Abney is a life-long volunteer and very active in her community, serving on the Clay County Museum Board, as Chair of Clay County Workforce Development, Vice President of the Upper Cumberland TSCPA in 2019 and President in 2020, and Secretary of the Clay County Educational Foundation which supports the Clay County Imagination Library, as well as Chair of the Clay County Democratic Party.
Abney’s platform centers on stabilizing rural hospitals, bringing in 21st century jobs, and properly funding Tennessee public schools:
With one stable hospital in the five-county district, it is clear that Medicaid expansion is vital to the health of District 38. “We must expand healthcare coverage to our district where thousands of our neighbors will qualify, many quality jobs will be created, and we can keep our health centers open.” Also, Abney is adamant that Rennova Health should be forced to forfeit the deed to their hospitals for the well-being of the community. This corrupt company robbed their employees, owes millions in taxes, and is holding Jamestown Regional Medical Center hostage. Abney will hold Rennova Health accountable, get Jamestown Regional reopened and Big South Fork Regional stabilized. Abney was instrumental in forcing the sale of Cumberland River Hospital in Celina, and is proud that they are now reopened. She knows, however, that funding is vital. Abney will fight for Medicaid expansion to ensure that rural hospitals will be paid and our neighbors can have access to local, affordable, quality healthcare.
Now that companies and folks are dealing with COVID-19, many are seeing the value in working from home. The broadband in this district is superb and can allow folks to work remotely at good paying jobs. Incentivizing companies to use remote labor and alternative work spaces will allow rural citizens to get those jobs. Instead of having to travel outside the district, many can work from home. It will save taxpayer dollars on road maintenance and give folks a chance to spend more time at home growing their own local economies. Another big job creator will be passing medical marijuana legislation, a lucrative cash crop for this agricultural district. Making sure that small farms are first in line will be a top priority for Abney. “With over 500,000 unemployment claims filed since March 2020, and the unemployment rate the highest it has been since the Great Depression, we need a state representative that is educated and experienced with our economy. Our current representative has proven for 10 years that he cannot lower our poverty rate in this district with better jobs, so it is time to let someone else take over, especially in our current state with COVID-19.”

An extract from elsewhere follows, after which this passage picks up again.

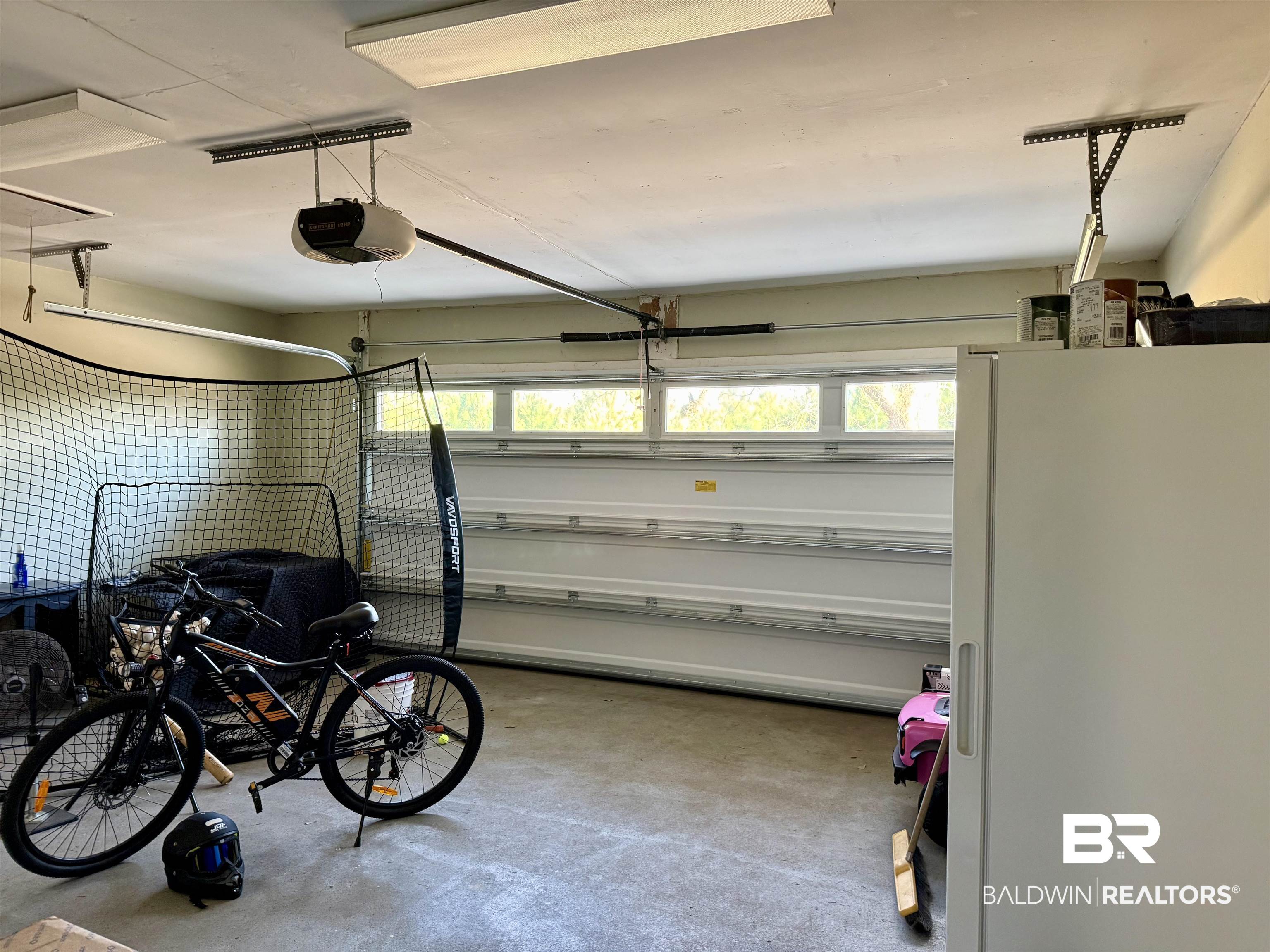 5646 Foshee Road Brewton, AL 36426 - Photo 26 of 37 Garage with freestanding refrigerator and a garage door opener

Education is of great importance to Abney, as well. Vouchers for private schools took millions from public schools and gave rural Tennesseans nothing in return. Now that it’s been struck down as unconstitutional, Abney will fight for the state to step in and properly fund public schools. Current teacher pay is unacceptable and causes rural schools to struggle to retain qualified teachers. Our students also lack extracurricular activity and arts funding. Fundraising should not be the focus of our students and teachers. They need to focus on proper education. Abney demands full funding of our public schools and will not vote for a budget that does not increase teacher pay or funding for all Tennessee public schools.
It is time for a change in this seat. The current office holder has held the seat for a decade, providing very little to this community. The poverty rate has consistently climbed to a collective rate of 30%, up 9% since our current politician took office. He has never released a statement on the closure of the hospitals. “This district needs a State Representative who will show up for us, not just for a photo-op.” Abney said. “As your next State Representative, I will never stop fighting for this district. We are the heart and soul of this state. We deserve more than what we have, and it is time someone went to Nashville and fought for all of us, not just a handful of his wealthy buddies.”
The Democratic Primary, in which Abney is unopposed in, is being held August 6 with early voting running from Friday, July 17 through Saturday, August 1, 2020. The general election will be November 3, with early voting running from Wednesday, October 14 through Thursday, October 29, 2020.